- TASK GOAL
Output only the entries, exactly as given, without the pictures.

- DATA
-*-
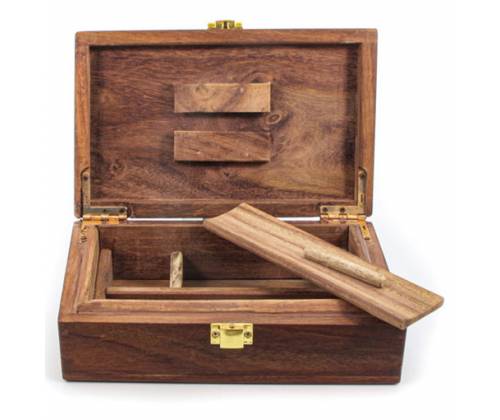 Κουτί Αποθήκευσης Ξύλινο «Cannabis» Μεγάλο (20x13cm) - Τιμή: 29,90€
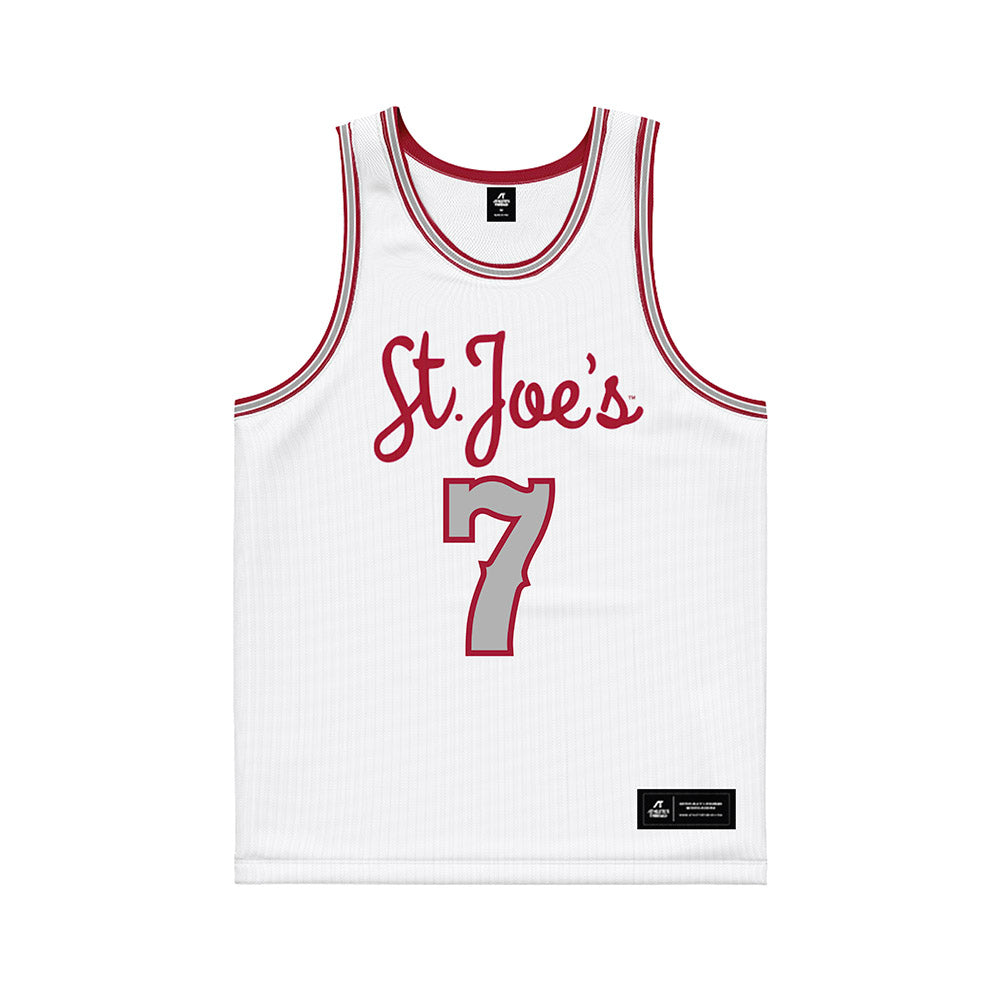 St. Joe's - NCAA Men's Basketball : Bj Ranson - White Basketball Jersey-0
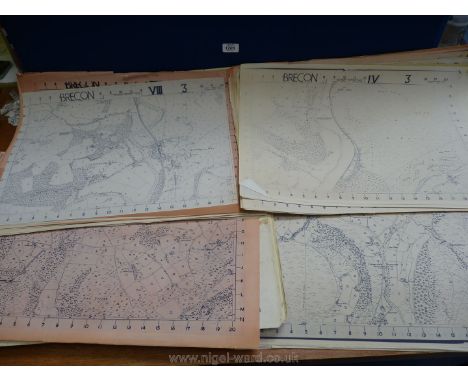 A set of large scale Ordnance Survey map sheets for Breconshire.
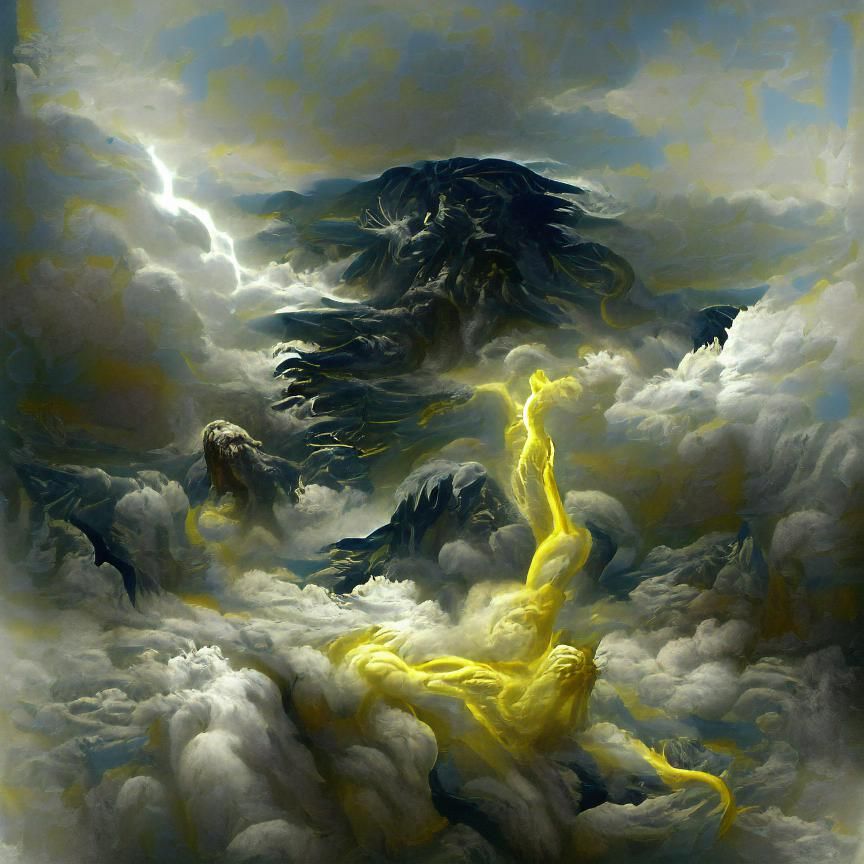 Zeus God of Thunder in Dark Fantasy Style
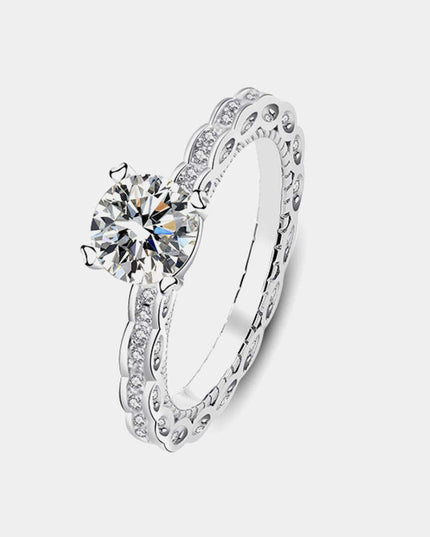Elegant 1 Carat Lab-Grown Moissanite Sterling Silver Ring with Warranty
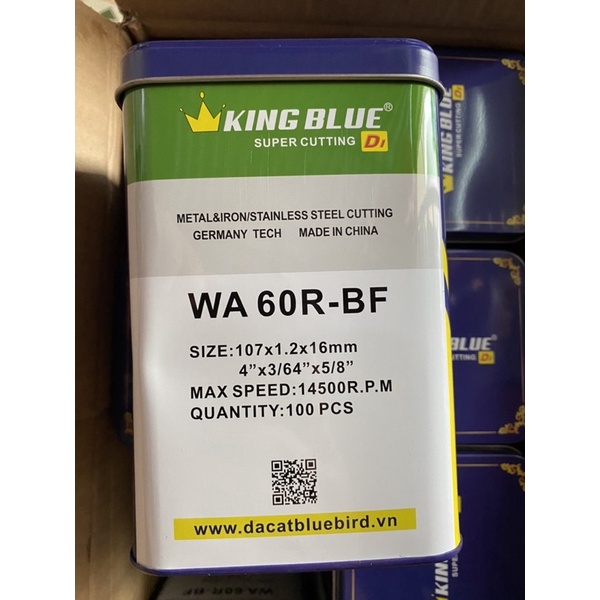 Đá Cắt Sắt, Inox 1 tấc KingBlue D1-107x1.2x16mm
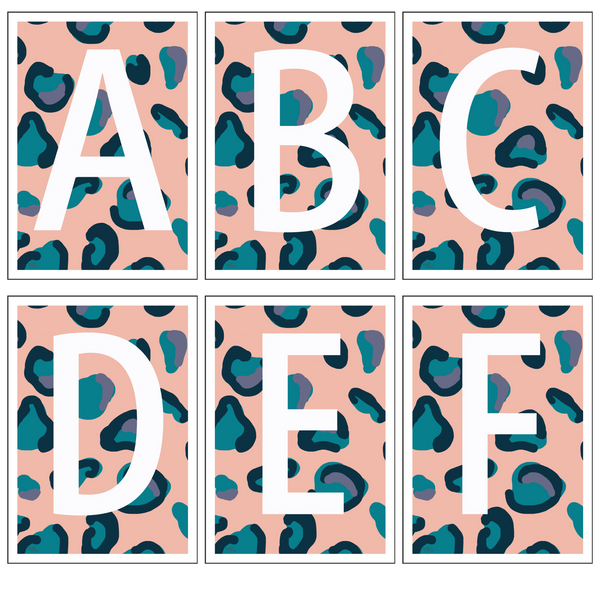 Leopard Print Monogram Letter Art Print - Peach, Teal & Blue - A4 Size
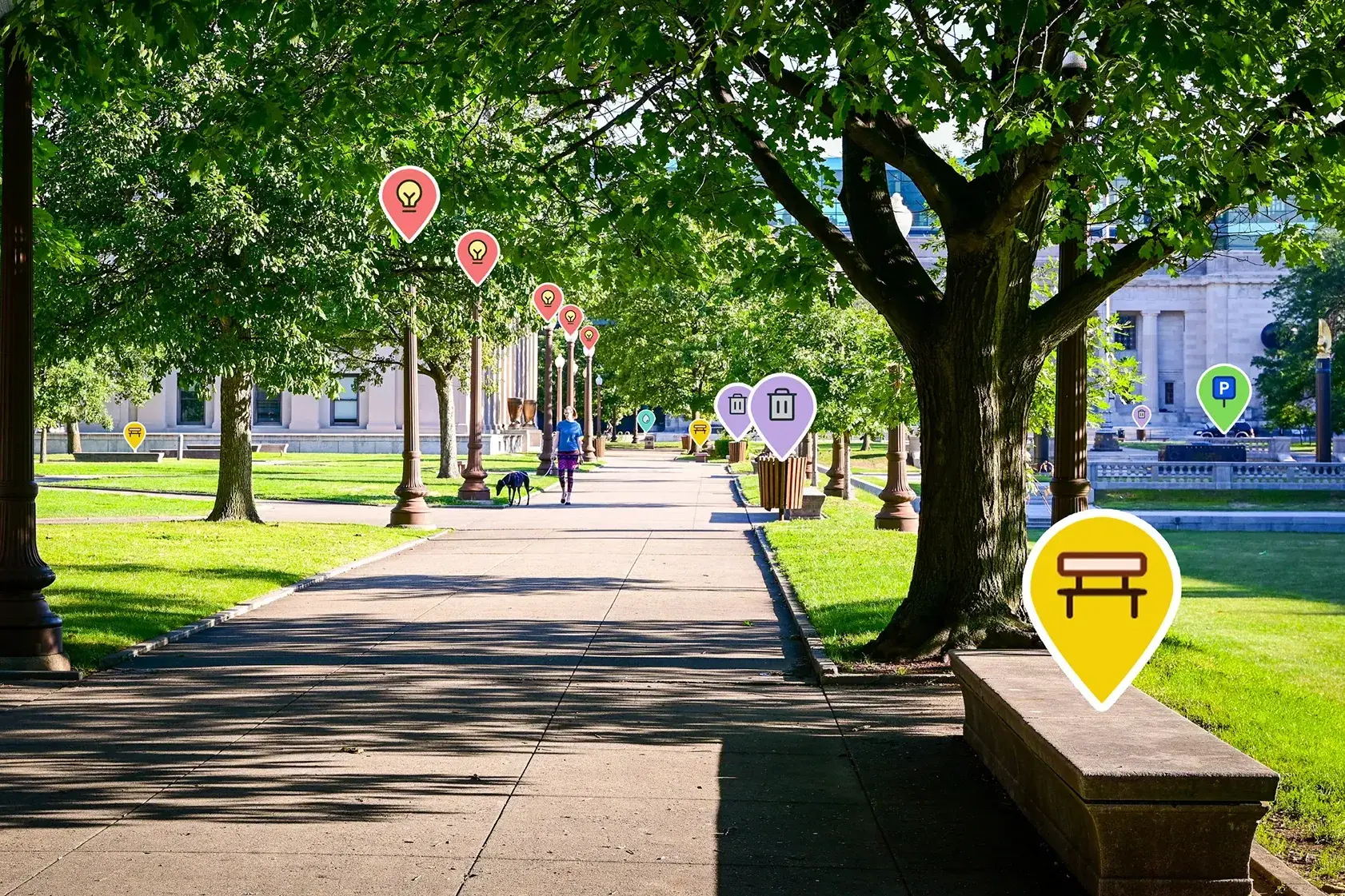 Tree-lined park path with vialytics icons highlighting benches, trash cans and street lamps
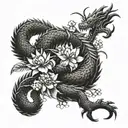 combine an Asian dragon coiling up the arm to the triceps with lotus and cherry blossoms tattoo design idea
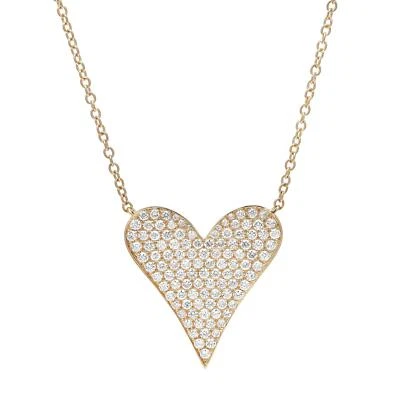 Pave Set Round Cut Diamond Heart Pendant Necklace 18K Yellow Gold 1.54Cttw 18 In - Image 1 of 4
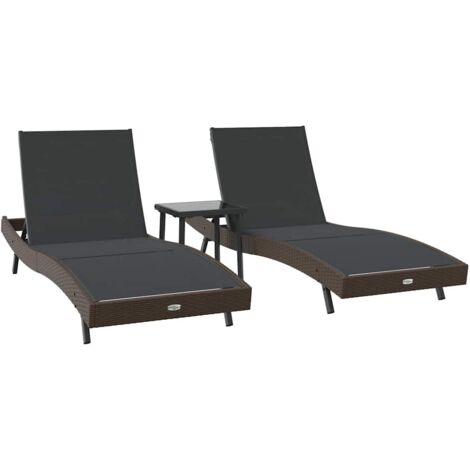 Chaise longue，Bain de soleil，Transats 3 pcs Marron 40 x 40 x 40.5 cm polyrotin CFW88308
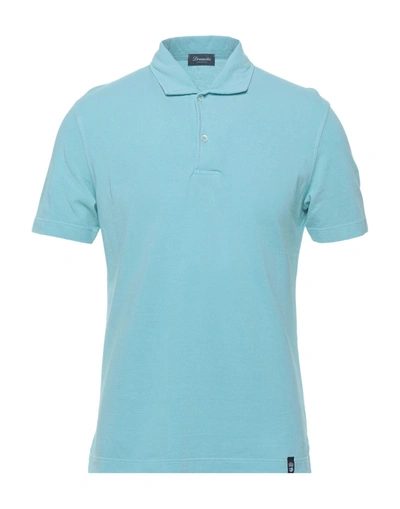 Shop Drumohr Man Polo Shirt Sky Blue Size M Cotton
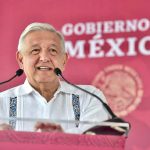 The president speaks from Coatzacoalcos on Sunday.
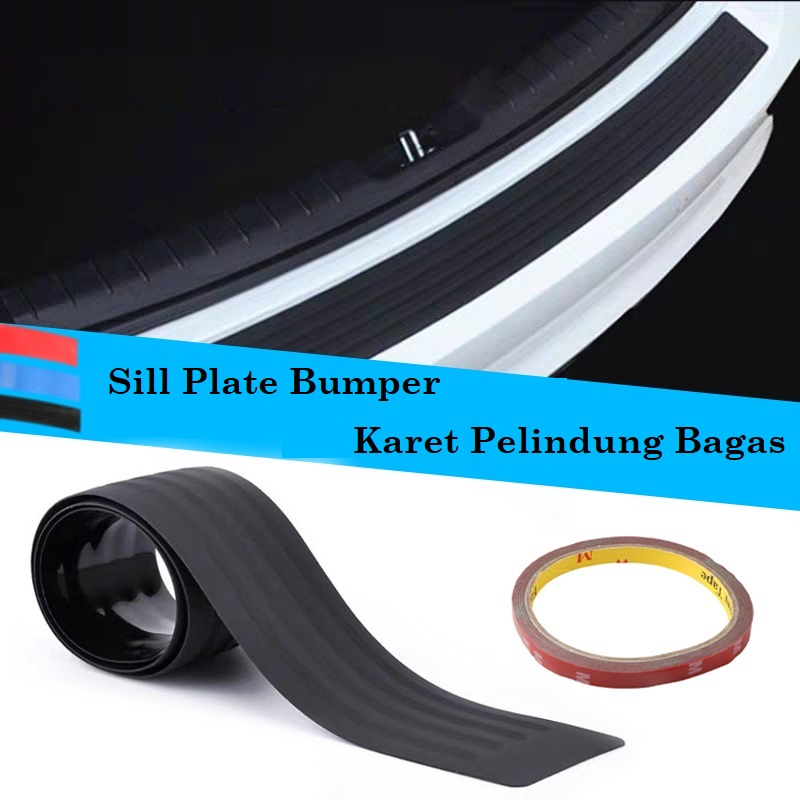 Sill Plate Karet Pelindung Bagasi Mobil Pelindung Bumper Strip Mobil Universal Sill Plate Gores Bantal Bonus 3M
-*-
- ANSWER FOR THE TASK
 Κουτί Αποθήκευσης Ξύλινο «Cannabis» Μεγάλο (20x13cm) - Τιμή: 29,90€
 St. Joe's - NCAA Men's Basketball : Bj Ranson - White Basketball Jersey-0
 A set of large scale Ordnance Survey map sheets for Breconshire.
 Zeus God of Thunder in Dark Fantasy Style
Elegant 1 Carat Lab-Grown Moissanite Sterling Silver Ring with Warranty
 Đá Cắt Sắt, Inox 1 tấc KingBlue D1-107x1.2x16mm
 Leopard Print Monogram Letter Art Print - Peach, Teal & Blue - A4 Size
 Tree-lined park path with vialytics icons highlighting benches, trash cans and street lamps
 combine an Asian dragon coiling up the arm to the triceps with lotus and cherry blossoms tattoo design idea
 Pave Set Round Cut Diamond Heart Pendant Necklace 18K Yellow Gold 1.54Cttw 18 In - Image 1 of 4
 Chaise longue，Bain de soleil，Transats 3 pcs Marron 40 x 40 x 40.5 cm polyrotin CFW88308
 Shop Drumohr Man Polo Shirt Sky Blue Size M Cotton
 The president speaks from Coatzacoalcos on Sunday.
 Sill Plate Karet Pelindung Bagasi Mobil Pelindung Bumper Strip Mobil Universal Sill Plate Gores Bantal Bonus 3M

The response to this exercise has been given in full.